A typical back alley in downtown Yangon, near the Bogyoke Aung San market, taken from my friend's kitchen window. Rubbish had been piling up uncleared for weeks, but two days after I arrived we noticed workers hard at work, hoeing away the hideous mess. My guess is that some municipal bureaucrat "forgot" to settle the invoice of a private contractor - until barraged by complaints from local residents.
Power outages are a regular occurrence in Yangon. It happened almost every day I was there - sometimes for only an hour, other times for three or four. Each time that happened, the water pump would stall and had to be manually restarted. Obviously, Myanmar 's middle class is still too new and voiceless to demand higher standards of utilities and services. I bet the ruling elite in Naypyidaw don't experience frequent power outages or lousy plumbing. On the other hand, without cellphone services and with their bosses breathing down their necks, I doubt the families of high-ranking civil servants get to experience much of anything - except when they manage to get out of Myanmar.
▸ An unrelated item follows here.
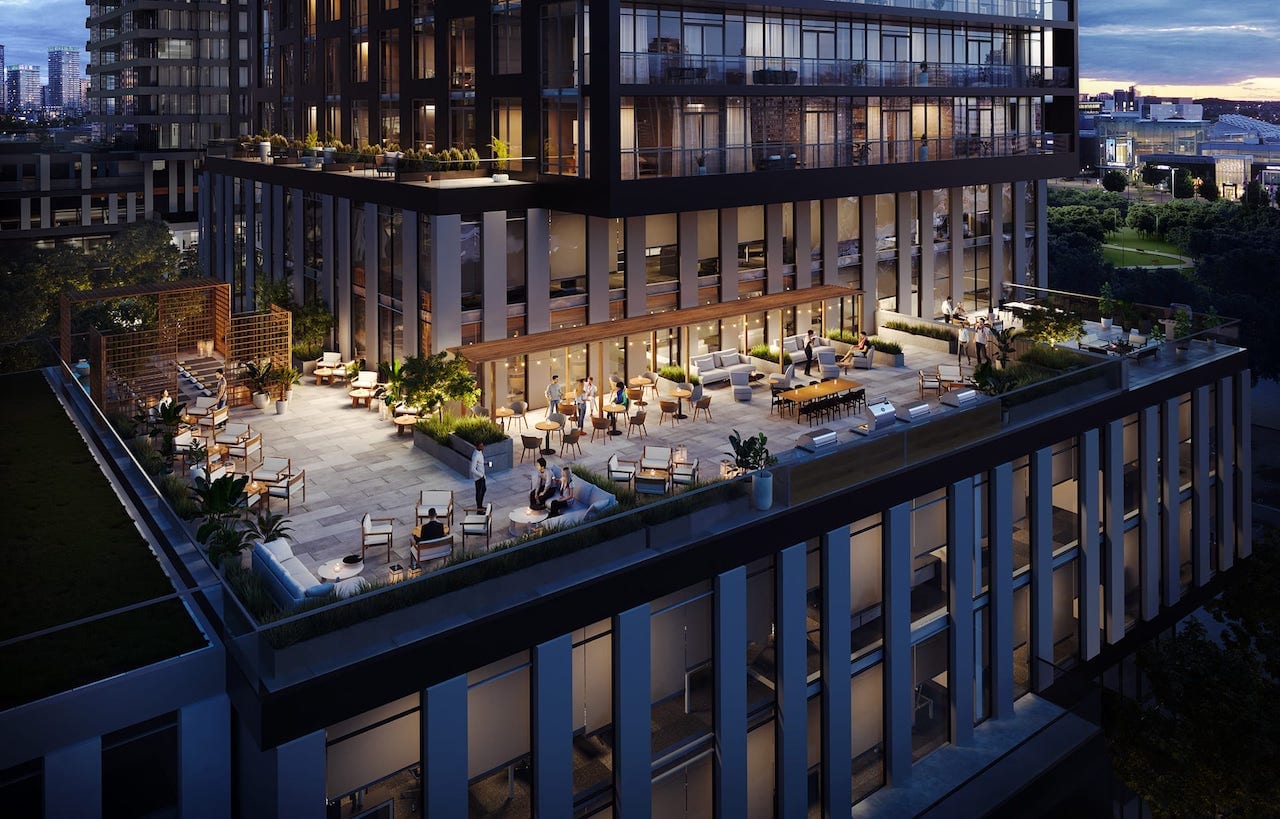 Rendering of Exchange Signature Residences rooftop aerial at night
General Than Shwe reviews the troops during a grand ceremony in Naypyidaw (photo: Khin Maung Win/AFP/Getty) |
Naypyidaw, located in the mountains, 250 miles north of Yangon (photo by David Longstreath/Associated Press) |
Isn't it remarkable how alike the Burmese military junta's "vision" is to Mahathir Mohamad's Wawasan 2020? In 2005 General Than Shwe decided to build a colossal new city from the ground up - not unlike Putrajaya (Victorious Principality) - exclusively to house the families of the military junta and high-ranking civil servants. The new administrative capital was named Naypyidaw (Abode of Kings). It's not some place you would wish to visit - unless, of course, you have an environmentally ruinous mega-project to pitch to the Myanmar government.